The state Republican Party has spent as much as $100,000 on staff and mailings in the race, according to executive director Dallas Woodhouse.
Meanwhile, the Democratic National Committee said last week it’s helping Lyles, though no amount has been reported. The Collective, a political action committee that supports progressive black candidates, also has helped, mostly by steering contributions to her through ActBlue, a progressive clearinghouse.
And the Human Rights Campaign, the nation’s largest LGBTQ rights organization, is knocking on doors and calling voters for Lyles, according to a spokesman.
Unlike Roberts, who has criticized President Donald Trump, Lyles has focused on local issues. So has Smith, who has made that a central theme of his campaign.
Both national parties want to claim the mayor of the state’s largest city, an official who would command media attention at home and away.
As in all off-year elections, turnout is key.
Elections officials predict a 17 percent turnout. But before Saturday’s close of early voting, this year’s turnout already had exceeded the final early tallies of the last two elections.
By Friday, 24,117 people had voted early. In 2013, when Democrat Patrick Cannon beat Peacock, a total of 22,320 people did. Just under 18,000 people did when Roberts beat Peacock in 2015.
Smith hopes Republicans turn out at a higher rate than Democrats, just like they did two years ago.
In 2015, 19.1 percent of Republicans countywide voted compared with 14.5 percent of Democrats and 11.5 percent of unaffiliated voters, according to an analysis by Michael Bitzer, a Catawba College political scientist. That wasn’t enough to push Peacock over Roberts.
By Friday, 50 percent of early voters were Democrats; 25.5 percent Republicans and most of the rest unaffiliated.
Bitzer also found seven in 10 early voters so far this year have been Baby Boomers and members of the older “Silent Generation.” That’s far more than registration numbers would suggest.
The Spectrum Poll found that Lyles did better than Smith among both groups.
Steve Michael, Smith’s consultant, said the campaign is looking for voters not just by party but by issue. A sophisticated digital strategy allows them to target people based on their top concerns, such as toll roads or public safety. Michael said the campaign has 17 different online messages tailored to specific voters.
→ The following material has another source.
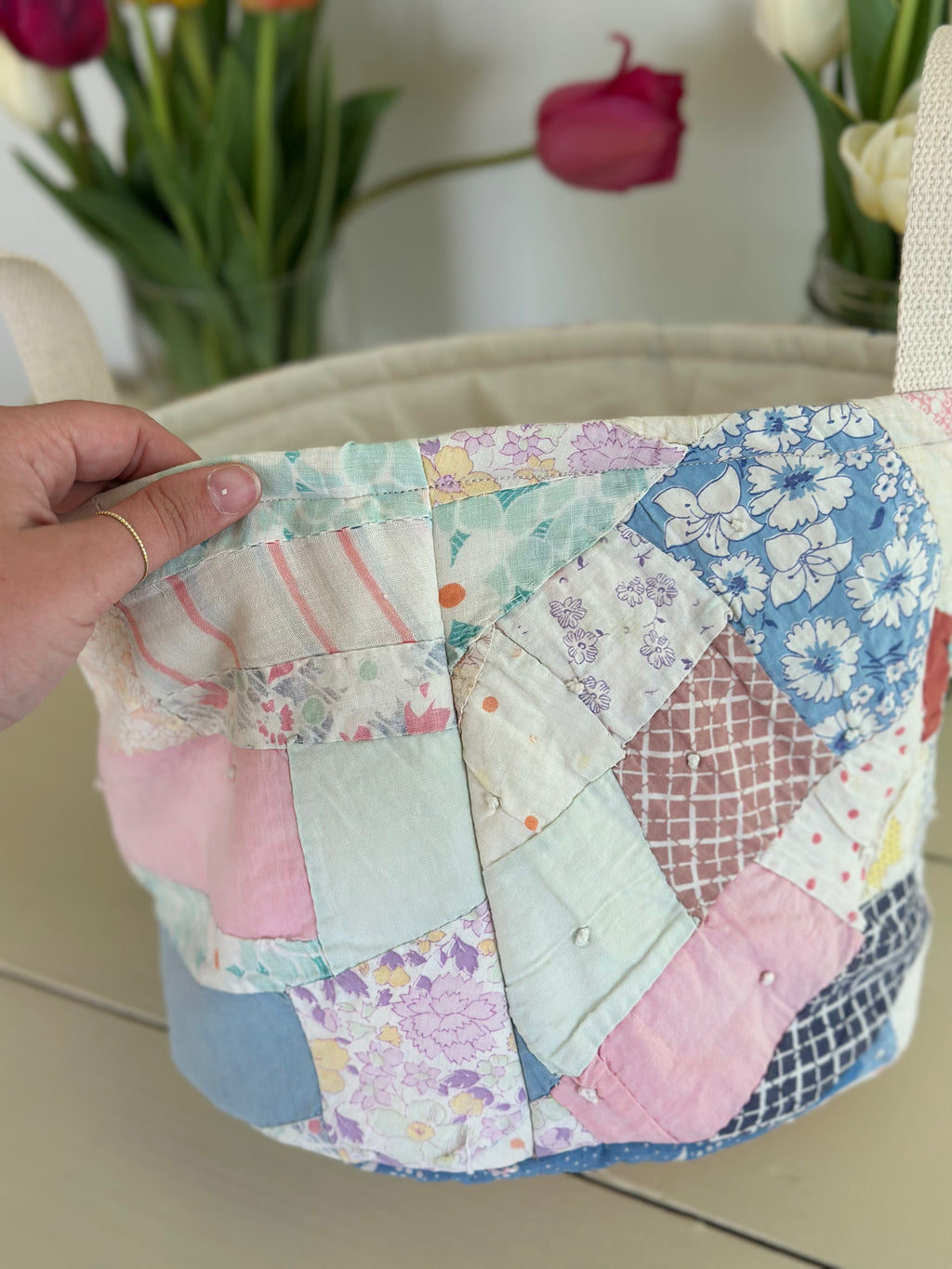 Floral Scrap Quilt Easter Basket (03)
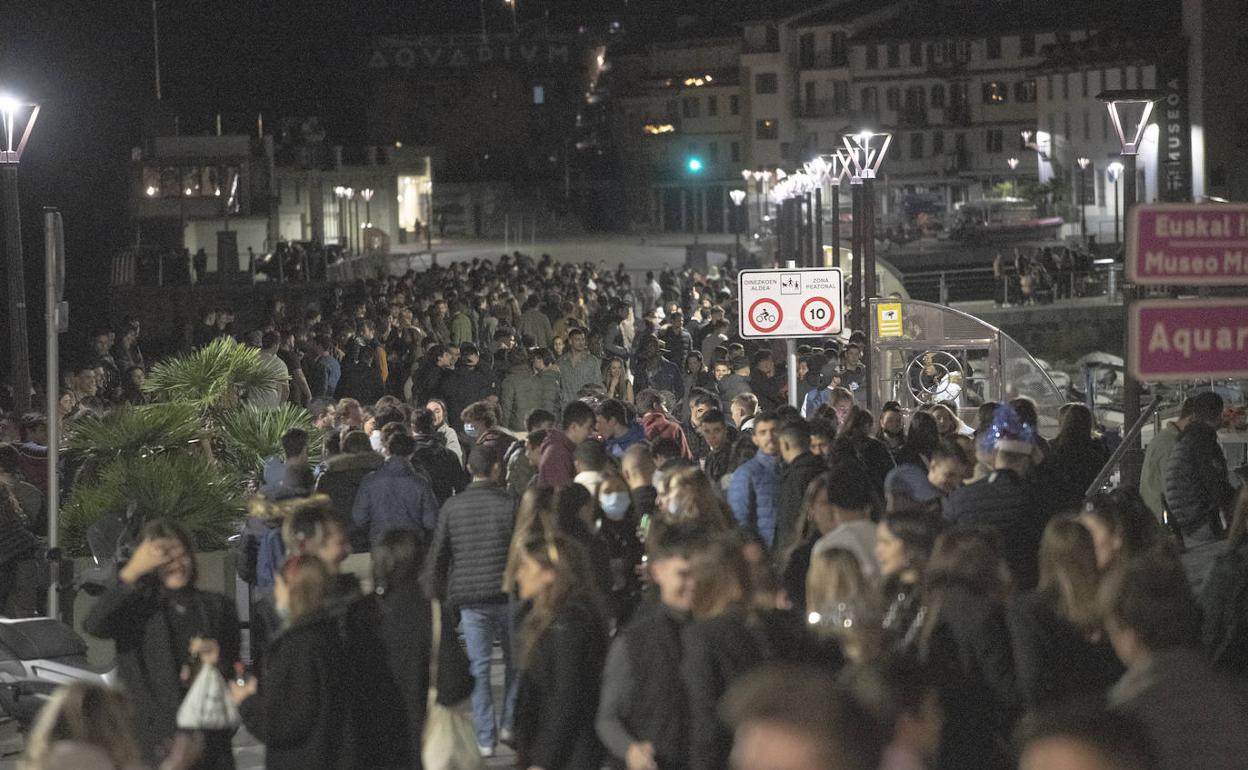 Miles de jóvenes se reunieron en los alrededores del puerto donostiarra para celebrar el año nuevo.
“Modern technology has allowed us to focus on specific voters with specific issues,” he said. “We can approach voters with specific messages.”
Republicans say Smith also has a strong get-out-the-vote effort. “No one has had a turnout system like he has,” Shaheen said.
On the other side, the Black Political Caucus has been mailing fliers supporting Lyles and other candidates to voters who had yet to cast a ballot. All the candidates it endorsed in the primary won. “The caucus needs to not let up,” said chair Colette Forrest.
McCorkle, the Democratic consultant, said he’s convinced Lyles will win. But like earlier mayoral races, it’s close.
“This makes November 7 old-fashioned exciting like it used to be,” he said.